Records to use:
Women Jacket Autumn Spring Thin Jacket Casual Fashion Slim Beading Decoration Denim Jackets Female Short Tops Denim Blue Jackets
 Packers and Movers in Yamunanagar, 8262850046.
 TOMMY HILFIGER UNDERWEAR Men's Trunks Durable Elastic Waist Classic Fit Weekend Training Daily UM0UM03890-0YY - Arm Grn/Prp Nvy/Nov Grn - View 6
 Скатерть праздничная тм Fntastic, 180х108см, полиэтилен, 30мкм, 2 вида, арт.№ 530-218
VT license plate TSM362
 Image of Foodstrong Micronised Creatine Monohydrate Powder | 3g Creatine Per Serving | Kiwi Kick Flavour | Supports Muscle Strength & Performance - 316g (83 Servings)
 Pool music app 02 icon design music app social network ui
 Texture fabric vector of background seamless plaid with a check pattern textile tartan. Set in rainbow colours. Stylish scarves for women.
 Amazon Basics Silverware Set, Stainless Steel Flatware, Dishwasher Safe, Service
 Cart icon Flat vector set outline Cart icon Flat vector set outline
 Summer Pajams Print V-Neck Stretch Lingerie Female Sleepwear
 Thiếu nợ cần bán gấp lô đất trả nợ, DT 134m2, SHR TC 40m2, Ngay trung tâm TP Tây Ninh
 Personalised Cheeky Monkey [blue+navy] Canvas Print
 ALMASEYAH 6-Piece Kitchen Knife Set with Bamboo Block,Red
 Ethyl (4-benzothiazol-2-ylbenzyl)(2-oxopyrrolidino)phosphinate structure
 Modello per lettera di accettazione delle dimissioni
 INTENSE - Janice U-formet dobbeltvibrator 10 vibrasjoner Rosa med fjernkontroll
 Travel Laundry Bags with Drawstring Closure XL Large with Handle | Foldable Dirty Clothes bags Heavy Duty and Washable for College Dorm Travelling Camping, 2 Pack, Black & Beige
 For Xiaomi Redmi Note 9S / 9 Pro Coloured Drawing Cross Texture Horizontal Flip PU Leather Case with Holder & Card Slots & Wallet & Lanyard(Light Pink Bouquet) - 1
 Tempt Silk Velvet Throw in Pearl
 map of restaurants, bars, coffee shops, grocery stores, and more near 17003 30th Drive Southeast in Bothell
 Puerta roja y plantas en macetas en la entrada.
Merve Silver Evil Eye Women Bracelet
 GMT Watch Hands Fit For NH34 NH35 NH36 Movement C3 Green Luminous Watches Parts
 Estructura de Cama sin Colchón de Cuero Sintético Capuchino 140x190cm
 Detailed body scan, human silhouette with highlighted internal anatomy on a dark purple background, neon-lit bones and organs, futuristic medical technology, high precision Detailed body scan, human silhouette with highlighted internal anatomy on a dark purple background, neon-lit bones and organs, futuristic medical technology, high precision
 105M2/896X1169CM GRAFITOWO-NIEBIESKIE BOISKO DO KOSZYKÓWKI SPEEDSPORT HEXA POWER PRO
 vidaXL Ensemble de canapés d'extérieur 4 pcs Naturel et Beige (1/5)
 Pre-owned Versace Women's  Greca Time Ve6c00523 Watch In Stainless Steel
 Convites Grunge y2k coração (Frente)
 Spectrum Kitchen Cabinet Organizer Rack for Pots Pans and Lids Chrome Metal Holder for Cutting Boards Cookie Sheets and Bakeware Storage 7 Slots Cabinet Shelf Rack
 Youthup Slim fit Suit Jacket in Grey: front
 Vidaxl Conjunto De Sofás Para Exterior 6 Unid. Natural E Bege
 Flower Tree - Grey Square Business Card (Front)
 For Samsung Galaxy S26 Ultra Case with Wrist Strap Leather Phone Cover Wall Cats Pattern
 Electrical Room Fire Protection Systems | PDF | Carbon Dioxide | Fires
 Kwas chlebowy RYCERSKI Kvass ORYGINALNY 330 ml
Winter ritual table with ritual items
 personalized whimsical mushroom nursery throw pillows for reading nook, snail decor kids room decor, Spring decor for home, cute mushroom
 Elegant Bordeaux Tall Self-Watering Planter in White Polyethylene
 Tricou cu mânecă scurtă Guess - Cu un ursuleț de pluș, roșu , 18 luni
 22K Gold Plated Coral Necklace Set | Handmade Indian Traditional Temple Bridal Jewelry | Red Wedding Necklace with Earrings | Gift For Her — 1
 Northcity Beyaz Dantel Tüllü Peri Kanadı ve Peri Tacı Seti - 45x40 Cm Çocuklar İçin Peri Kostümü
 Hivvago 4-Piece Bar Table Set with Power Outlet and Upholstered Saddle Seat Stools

Required work:
Each line above that has the word "Leather" should be copied.

Solution to this task:
 For Xiaomi Redmi Note 9S / 9 Pro Coloured Drawing Cross Texture Horizontal Flip PU Leather Case with Holder & Card Slots & Wallet & Lanyard(Light Pink Bouquet) - 1
 For Samsung Galaxy S26 Ultra Case with Wrist Strap Leather Phone Cover Wall Cats Pattern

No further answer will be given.